### DATA SECTION
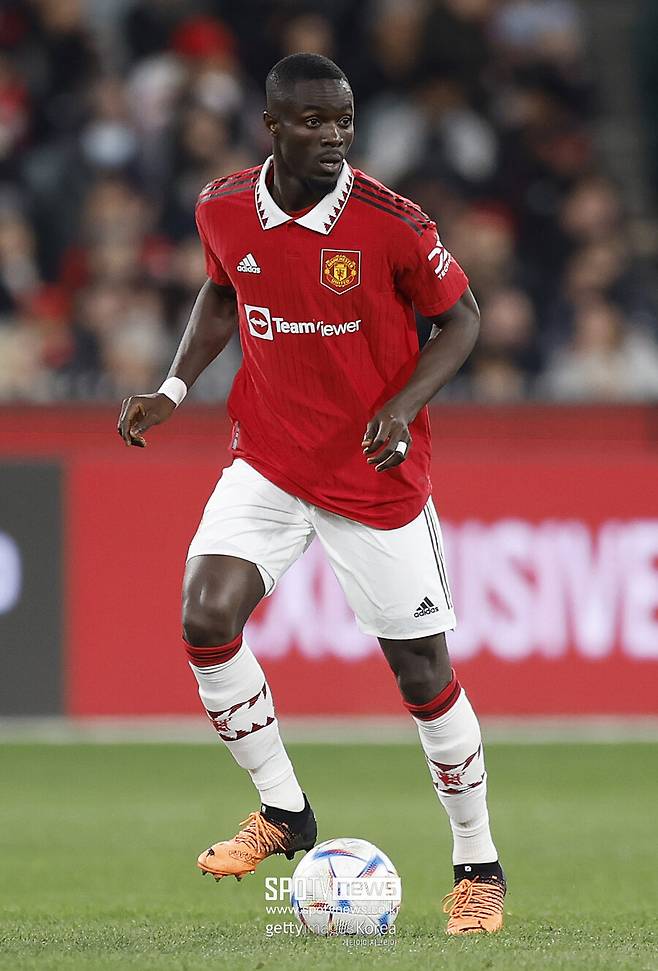 ▲ 맨유 등번호 3번 에릭 바이는 방출될 가능성이 높다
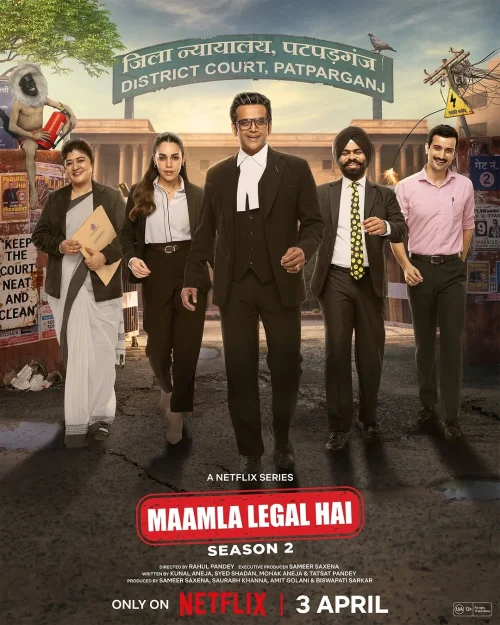 مسلسل Maamla Legal Hai مترجم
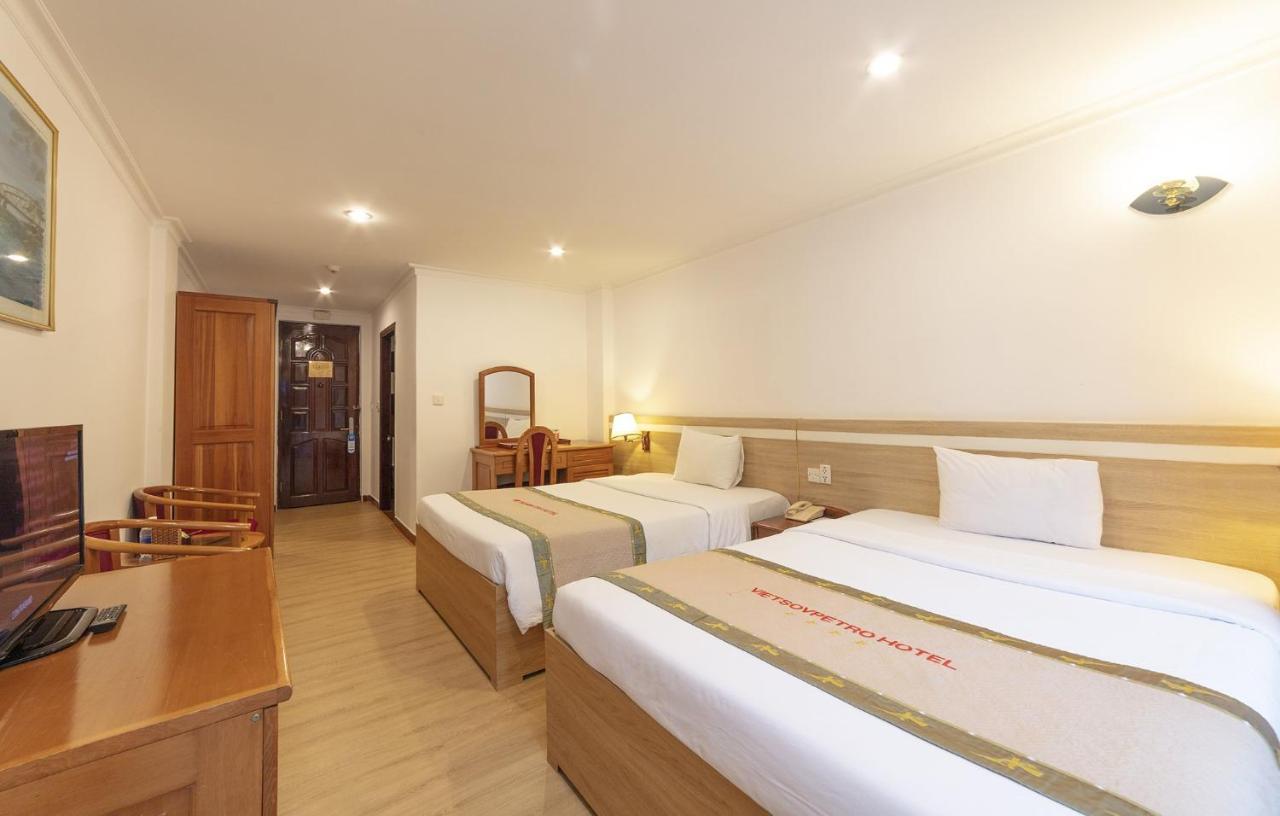 Vietsovpetro Hotel Dalat Eksteriør bilde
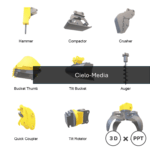 パワーショベルアタッチメント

### EXERCISE
Set down the material above exactly as written, but not the pictures.

### RESULT OF THIS TASK
 ▲ 맨유 등번호 3번 에릭 바이는 방출될 가능성이 높다
 مسلسل Maamla Legal Hai مترجم
 Vietsovpetro Hotel Dalat Eksteriør bilde
 パワーショベルアタッチメント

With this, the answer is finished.